01 July 2010

Phlox - Woodland, Annual, Perennial, Creeping, Clumping, Tall, or Short

Most Phlox are American natives so they are easy to grow in average soil. They all have a show of flowers that lasts for weeks.

Tall, perennial, garden phlox, blooms in the heat of the summer and into the fall. Creeping and native phlox bloom in the spring.

Early varieties were susceptible to powdery mildew, a fungal disease (Erysiphe cichoracearum), that turns the leaves a grey-green color, but new hybrids have eliminated that problem.

Some of the new varieties are Phlox paniculata Little Boy, Phlox paniculata Laura and Phlox paniculata Purple Flame.

Little Boy is short and has lilac blue flowers with a white center. Grows 20-inches tall and wide. Laura is lavender with a white eye in the center. Long blooming, grows 30-inches tall and two feet wide. Purple Flame is a 12-inch tall dwarf that blooms into September. Spreads to two-feet wide.

What is commonly called Thrift or Moss pink is the groundcover Phlox subulata. This variety grows in well-draining soil so it is perfect for spring color in rock gardens and other hot, dry spots. About 4-inches tall and 2-feet wide. Colors: White, pink, rose, lavender and blue.

The annual, seed grown, Texas native Phlox Drummondii, blooms in white, cream, pinks, lilac, rose, purple, reds, and almost black. Some have a contrasting eye color. The tall varieties include Finest and Fordhook Finest. Dwarfs include Beauty, Globe, Petticoat and Twinkle. Flowers last until frost.

Oklahoma native phlox include Woodland Phlox, Phlox divaricata, or Sweet William Phlox. It grows to about one-and-one-half feet tall under deciduous trees in the shade. The fragrant, blue flowers bloom in the spring, with a bloom time that lasts over a month. Plant on and around spring blooming bulbs, in rock gardens. Shop for these varieties: Arrowhead, Dirigo Ice, Fuller’s White and London Grove.

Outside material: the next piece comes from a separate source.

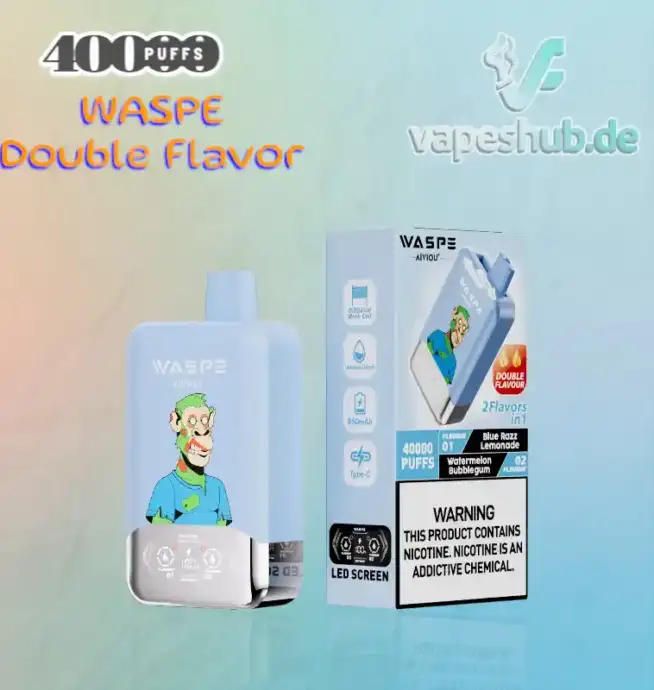WASPE Double Flavor 40000 Puffs Disposable Vape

Prairie Phlox, Phlox pilosa, forms a low growing clump. Prairie is a mildew-free variety with blue to pink, long lasting flowers. Look for Chattahoochee, Mood Blue, Eco Happy Traveler and Ozarkana.

The best way to prevent powdery mildew is by removing and destroying the stalks and leaves of your plants in the fall. That measure will help slow the arrival of the disease next summer.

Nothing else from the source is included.